Motivation – Quotes, Clichés & Misleads

For every passionate advocate of social media there is an equally passionate critic. Whatever your view might be, you have to admit that it has brought some positives to our everyday world. If you go onto Instagram, Twitter or Facebook right now, my guess is you will struggle to scroll down for too long without finding an ‘inspirational’ quote or motivational poster somewhere. The old method of covering our walls with post-it notes has been replaced with covering our virtual walls with their own posts.

Some people live and die by these quotes – for every challenge they can face on any given day, they have a quote that can offer the perfect solution. Read a hundred quotes, read a thousand if you want, but when it comes to getting results they count for absolutely nothing if you don’t put in the necessary work. Don’t we all know that one person who will tweet, “the roads are always open” and yet you never see them doing any cardio in the gym.

The point is that these forms of motivation only work if you are going to work hard. Some of them do work, of course. When you think that you have pushed yourself to the absolute limit, thinking back to that quote on that poster can give you just enough to push yourself even further. This presents its own problem – how far should we be pushing ourselves?

People will always interpret things in their own way and this is where the danger is. One person will read something like, “push yourself”, and know when to stop, but others will keep pushing until they do themselves serious harm.

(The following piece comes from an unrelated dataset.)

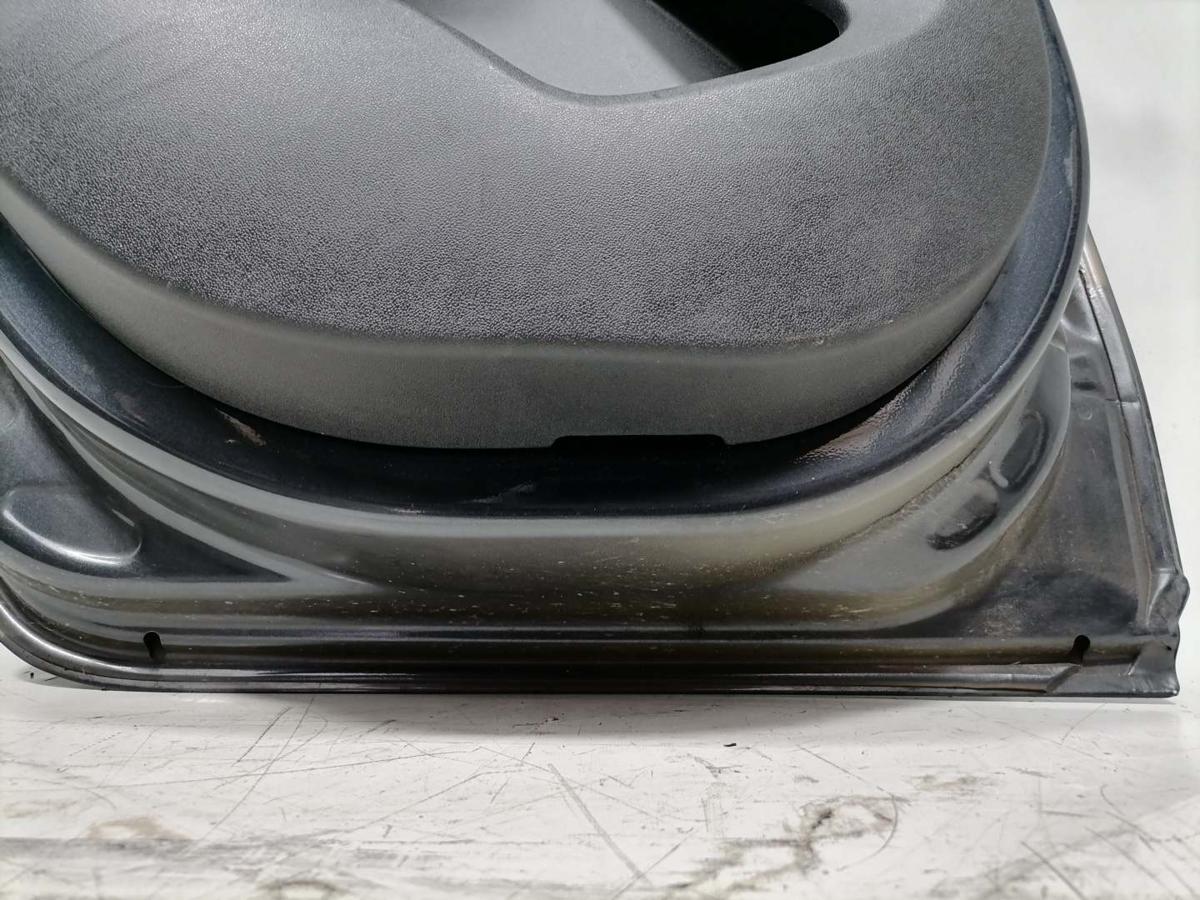 Peugeot 108 original T&uuml;r hinten links KTA Dunkelgrau metallic Rohbau Bj.2016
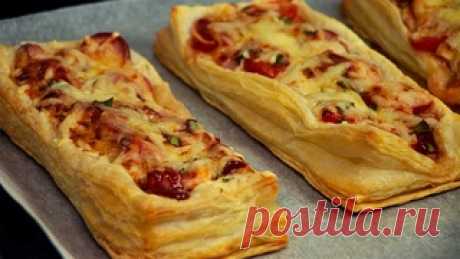 Берем сосиски и слоеное тесто для быстрого и вкусного перекуса Что нужно для быстрого и вкусного перекуса или завтрака. А нужно готовое слоеное тесто и сосиски. Слойки с сосисками это очень вкусно, ваши родные оценят. Слойки с сосисками: Слоеное тесто (дрожжевое) Сосиски Помидор (перец) Зелень Сыр Главное заранее разморозить слоеное тесто и тогда на приготовление..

When it comes to clichés, the 2015 favourite for avoiding injury is definitely, “listen to your body”. How ambiguous can you get? Now we have a choice to make: listen to our bodies, or push our bodies further than we thought was possible?

Suffering a serious injury can wipe away a thousand quotes’ worth of motivation. Admittedly, some injuries are awfully bad luck – an awkward land, a millimetres’s overstretch or even an unfortunate slip. Even so, our bodies are very smart machines. In certain cases our bodies will know of an impending injury and will do whatever it can to warn our brains. The key is to know the different types of pain.

Time for another 2015 cliché – “pain is weakness leaving the body”. This might be the most dangerous one of them all. Muscles soreness immediately after training is to be expected, as is soreness which sets in after around a day (DOMS). If you have suffered an injury, you will know the difference between expected muscle soreness and serious damage.

Overtraining will feel completely different to an injury as well. If you have experienced overtraining you will know the things to look out for. Constant fatigue and insomnia are often good indicators that you might just be training a bit too hard. Whereas suffering an injury will leave you with dull aches and constant pains, rather than just that lethargic feel.

I really can’t stress enough the importance of getting to know the different types of pain. Sometimes you might stop training because you think you are injured, when really the pain you are feeling is completely normal. On the other hand, you might think it is just DOMS when you could have a serious injury.

Motivation is key to success. Whether you need to do a little bit more, or even a little less, exercise is a good thing. Anything that can encourage more of it in society is as equally pleasing. So if you see a quote and it gives you that motivation to do a little bit more and achieve a bit more success, brilliant. Just remember it is you that has to do the work at the end of the day. Keep that in mind and you can achieve even your more challenging goals!